ENTRIES PROVIDED
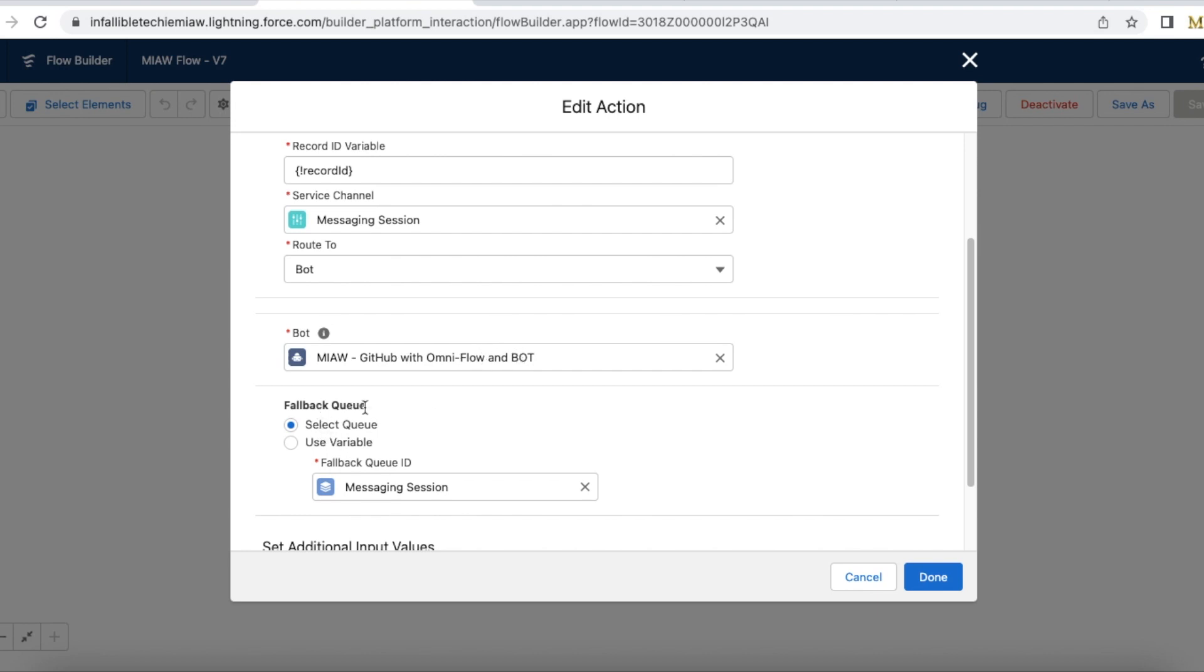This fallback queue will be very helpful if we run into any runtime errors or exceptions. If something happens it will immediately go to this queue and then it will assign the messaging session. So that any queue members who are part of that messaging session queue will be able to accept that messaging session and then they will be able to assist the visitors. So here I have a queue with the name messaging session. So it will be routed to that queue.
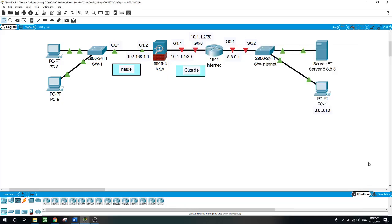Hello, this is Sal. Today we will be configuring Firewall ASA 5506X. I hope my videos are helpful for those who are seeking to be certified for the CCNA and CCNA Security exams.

==

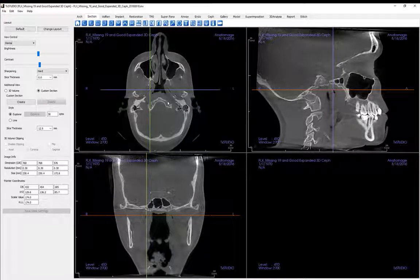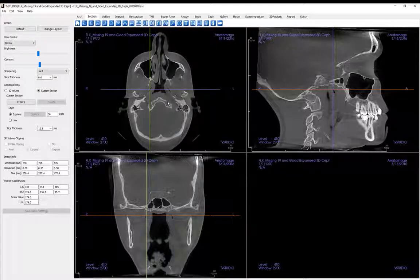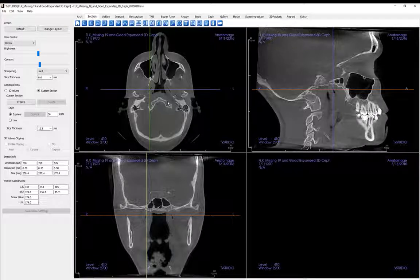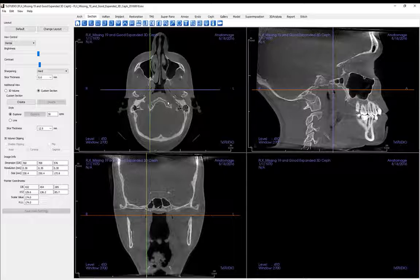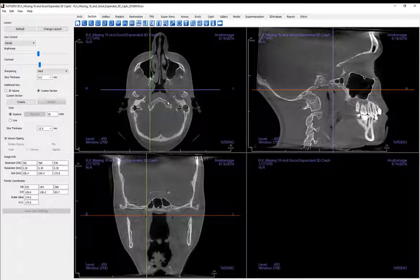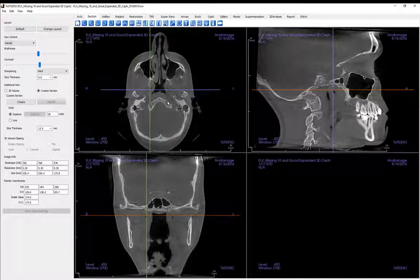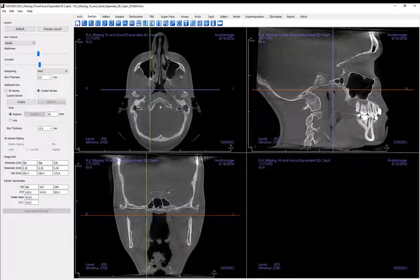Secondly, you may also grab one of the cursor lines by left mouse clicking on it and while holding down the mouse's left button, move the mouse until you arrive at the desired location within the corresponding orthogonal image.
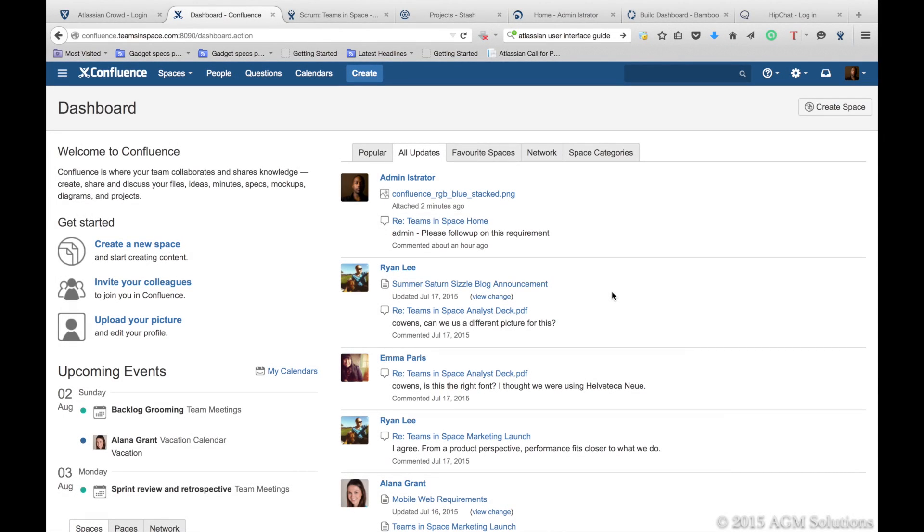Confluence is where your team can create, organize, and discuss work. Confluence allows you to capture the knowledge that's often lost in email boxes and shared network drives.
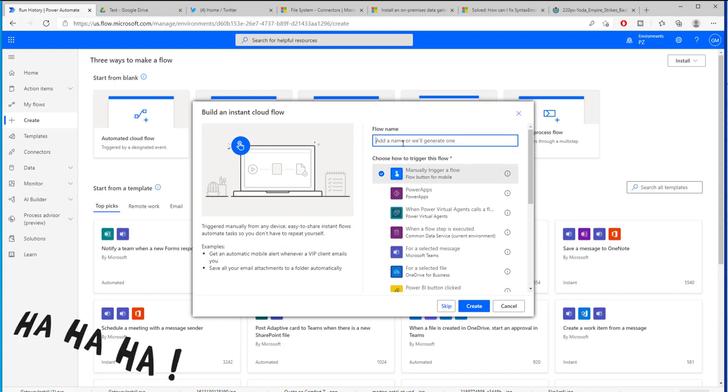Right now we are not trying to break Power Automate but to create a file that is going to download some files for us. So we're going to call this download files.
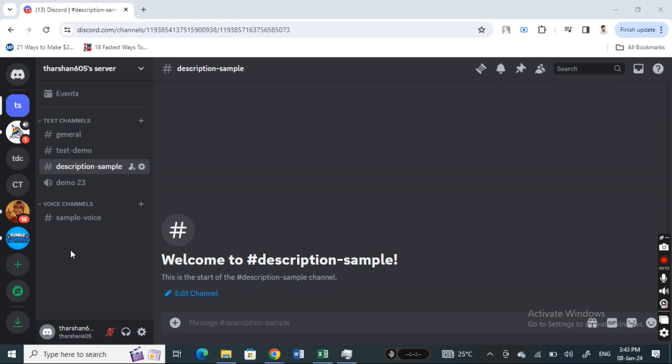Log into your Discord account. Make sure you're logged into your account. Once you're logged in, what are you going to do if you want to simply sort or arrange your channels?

PROMPT
Among the lines above, the one with "Secondly, you may" opens the part to repeat and the one with "Log into your" closes it; repeat only that part exactly, with no pictures.

YOUR RESPONSE
Secondly, you may also grab one of the cursor lines by left mouse clicking on it and while holding down the mouse's left button, move the mouse until you arrive at the desired location within the corresponding orthogonal image.
Confluence is where your team can create, organize, and discuss work. Confluence allows you to capture the knowledge that's often lost in email boxes and shared network drives.
Right now we are not trying to break Power Automate but to create a file that is going to download some files for us. So we're going to call this download files.
Log into your Discord account. Make sure you're logged into your account. Once you're logged in, what are you going to do if you want to simply sort or arrange your channels?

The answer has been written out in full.